I am trying to do a sample project on Melanoma(the one from kaggle). Using tf.keras.utils.image_dataset_from_directory I got the train_ds but I would like to get print out how many images belong to each class. Example: actinic keratosis : x images basal cell carcinoma : y images
The code I used to load the data is
data_dir = pathlib.Path("Train\\")
batch_size = 32
img_height = 180
img_width = 180
train_ds = tf.keras.utils.image_dataset_from_directory(
data_dir,
validation_split=0.2,
subset="training",
seed=123,
image_size=(img_height, img_width),
batch_size=batch_size)
This gives me this output
Found 6739 files belonging to 9 classes. Using 5392 files for training. and this:
class_names = train_ds.class_names
print(class_names)
gives me the name of the classes
How do I see how many images belong to which class? One way of doing this is realized is by counting the files under directory using the code below(taken from github)
def class_distribution_count(directory):
count= []
for path in pathlib.Path(directory).iterdir():
if path.is_dir():
count.append(len([name for name in os.listdir(path)
if os.path.isfile(os.path.join(path, name))]))
sub_directory = [name for name in os.listdir(directory)
if os.path.isdir(os.path.join(directory, name))]
return pd.DataFrame(list(zip(sub_directory,count)),columns =['Class', 'No. of Image'])

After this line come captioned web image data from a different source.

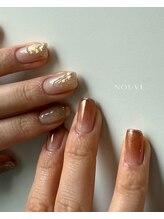 ヌーヴ(NOUVE)/asymmetry nail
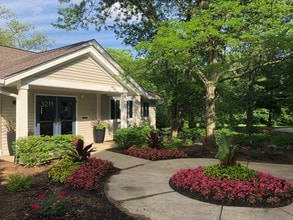 Villages of Greene Valley in Woodridge, IL - Foto de edificio - Building Photo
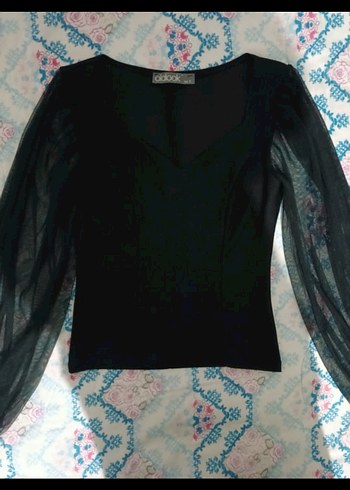 Uzun Kollu, Siyah Gotik V Yakalı Bluz - Görsel 3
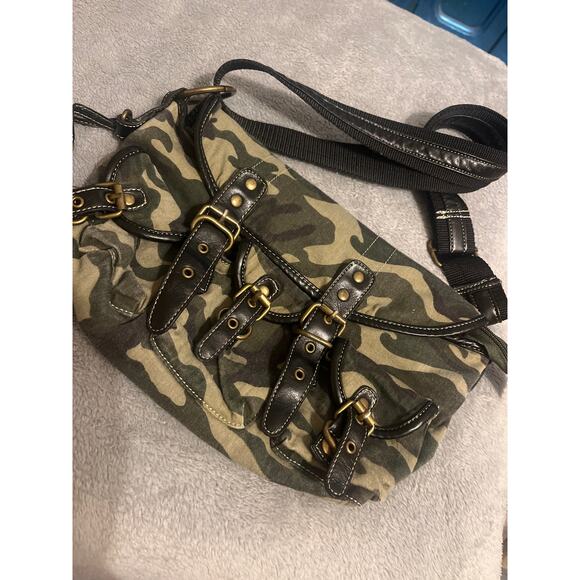 Camouflage satchel bag with multiple pockets! - Picture 1 of 5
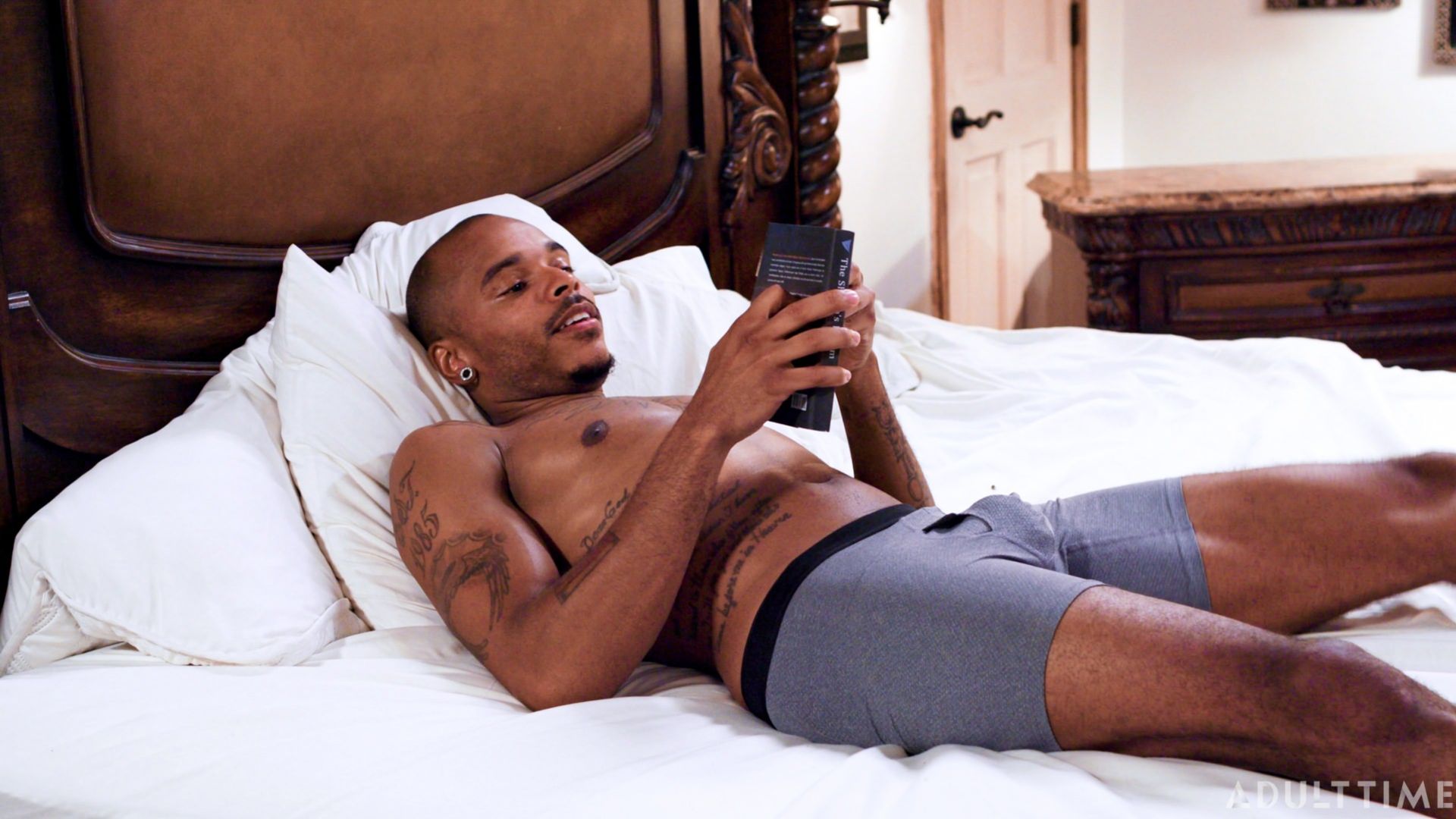 Lust Triangles: His Girlfriend's Little Angel FULL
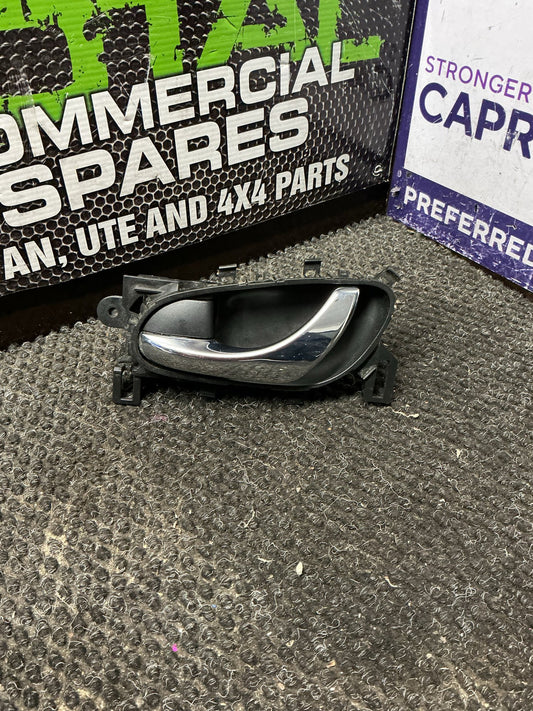 2013-2016 Nissan Serena C26- Left Front Door Interior Handle- (TAG9557)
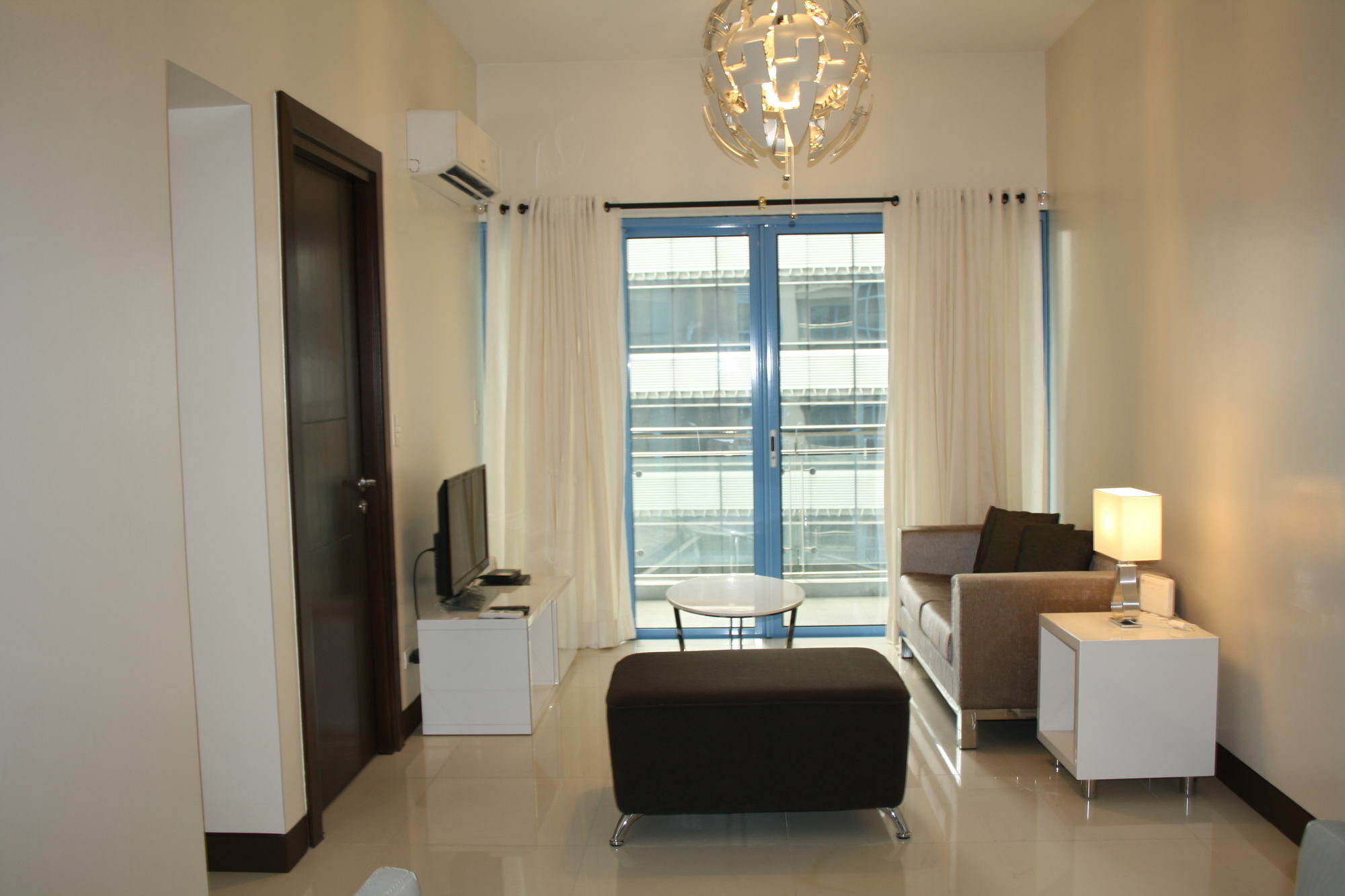 Csuites At Two Central Residences Makati City Exterior photo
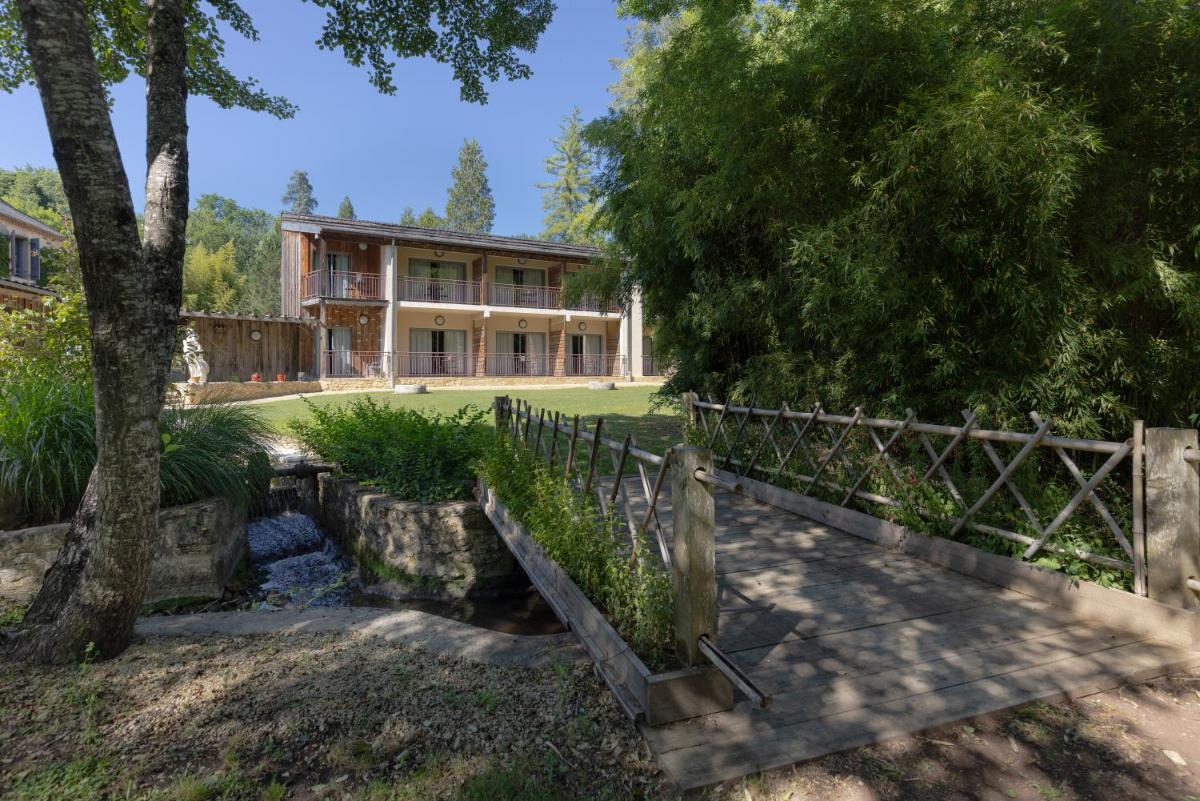 Jardin de l'établissement Le Moulin de Mitou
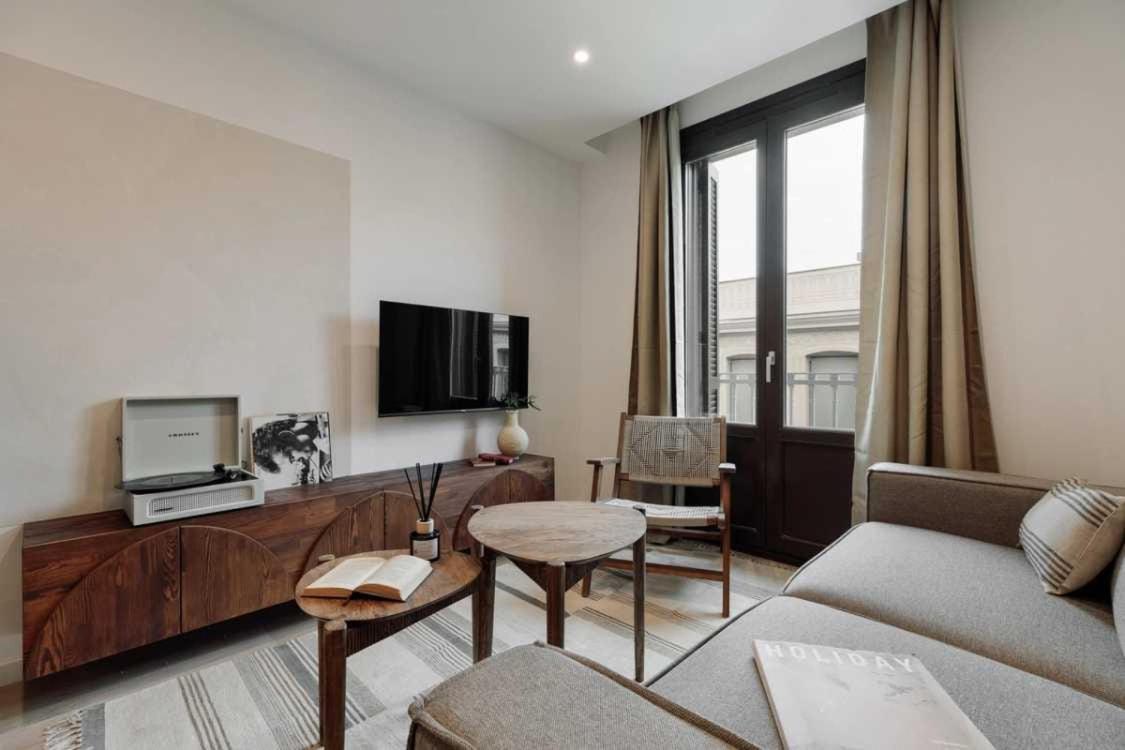 Apartment Luxury 2br Born Area *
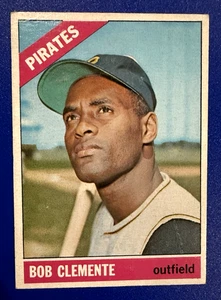 1966 Topps - Roberto ~ Bob ~ Clemente #300 ~ Pirates - Picture 1 of 11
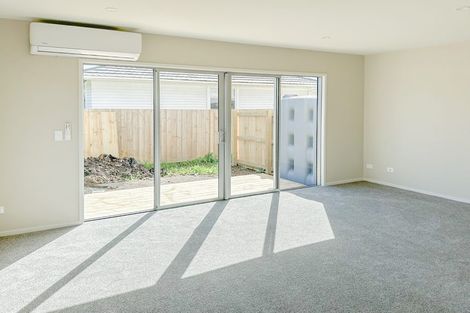 Photo of property in 9/70 Clevedon Road, Papakura, 2110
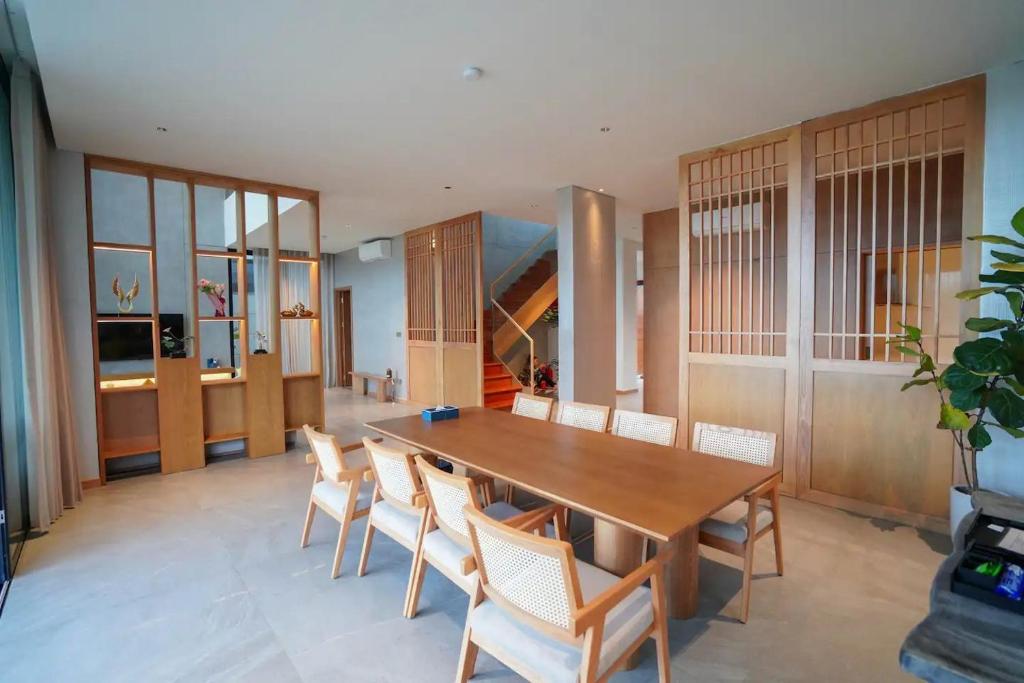 One River Pool Villas Da Nang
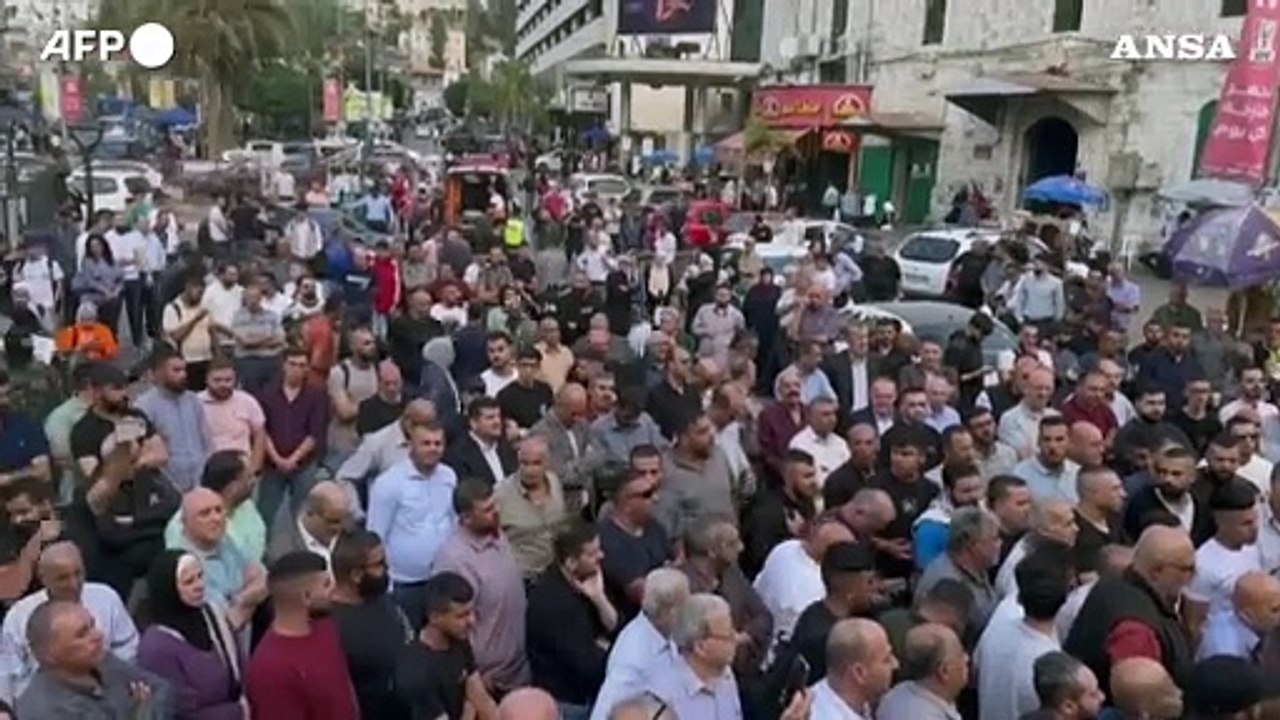 Gaza, l'ira ai funerali degli uccisi nella zona sicura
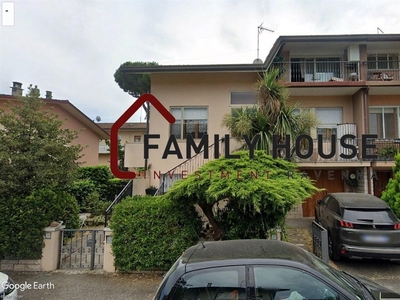 Villa bifamiliare 14 vani 282mq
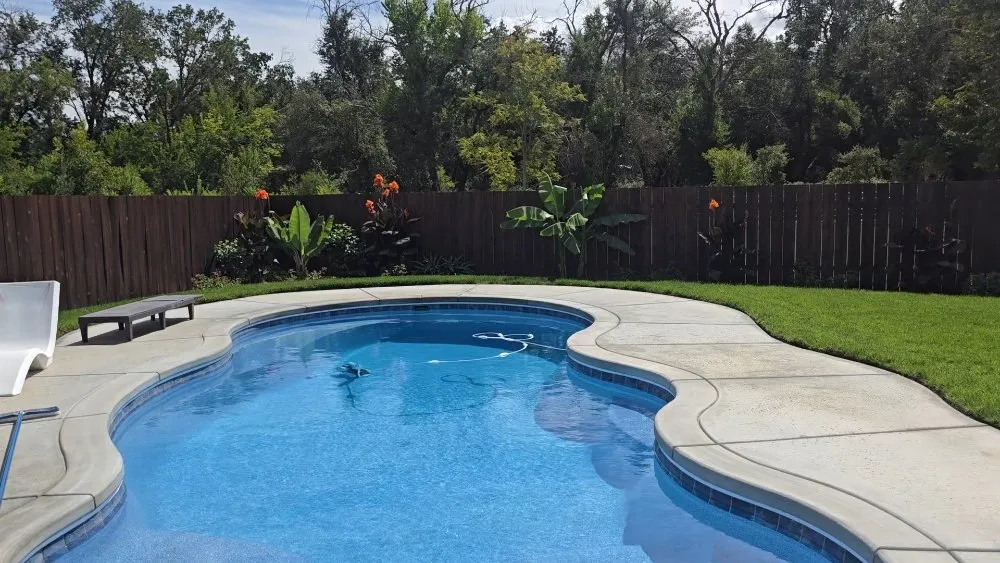 Professional garden landscaping in Redding, CA by Paul's Landscapes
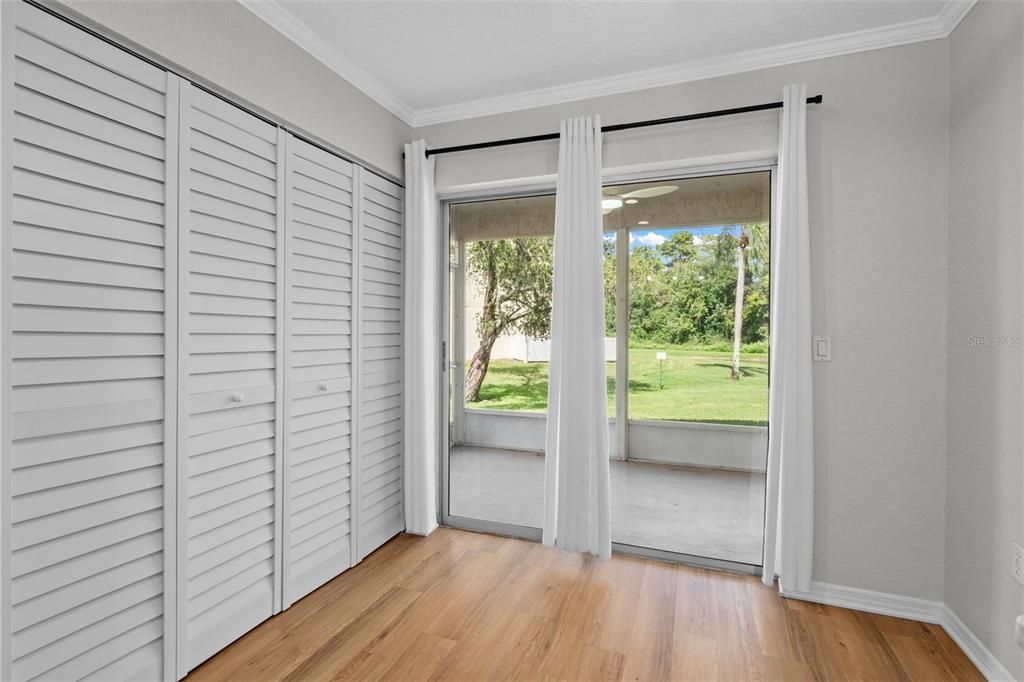 For Sale: $170,000 (2 beds, 2 baths, 1025 Square Feet)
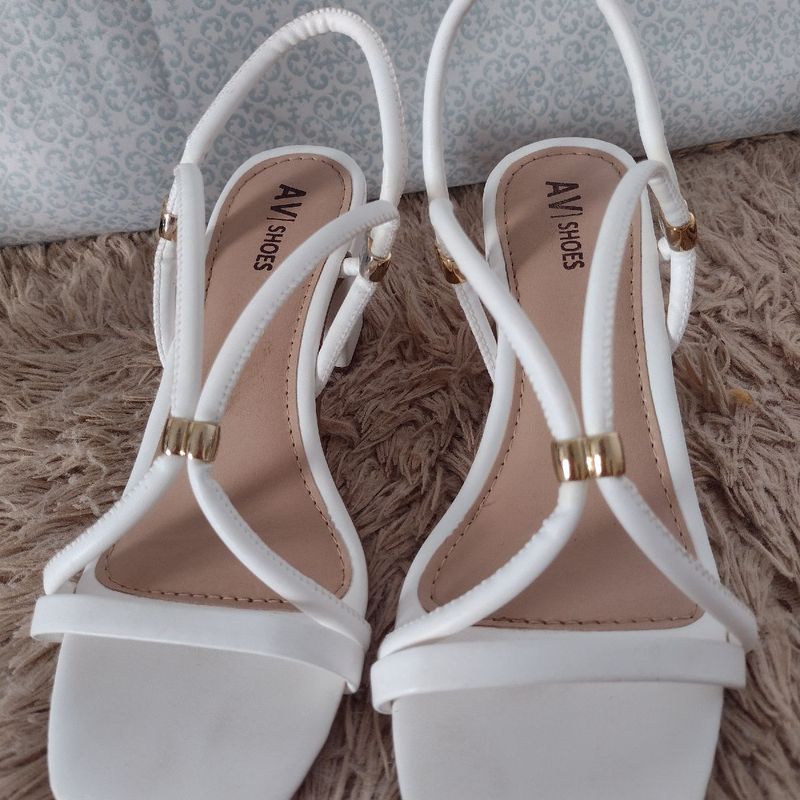 Sandália Branca Salto Baixo Avenida Shoes Usado 101500221 enjoei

df = class_distribution_count(data_dir)
df
But I am trying to see if there is a way to get this without having to read the files in the directory but directly from the keras dataset.
Thanks In Advance
I also tried this
import pandas as pd
dataset_unbatched = tuple(train_ds.unbatch())
labels = []
for (image,label) in dataset_unbatched:
labels.append(label.numpy())
labels = pd.Series(labels)
count = labels.value_counts()
print(count)
But I got a list of values not label names
CodePudding user response:
Just replace the index
of count
with the train_ds.class_names
like this:
import pandas as pd
dataset_unbatched = tuple(train_ds.unbatch())
labels = []
for (image,label) in dataset_unbatched:
labels.append(label.numpy())
labels = pd.Series(labels)
# adjustments
count = labels.value_counts().sort_index()
count.index = ds.class_names
Make sure to sort the index beforehand because it's sorted either by frequency or first occurrence.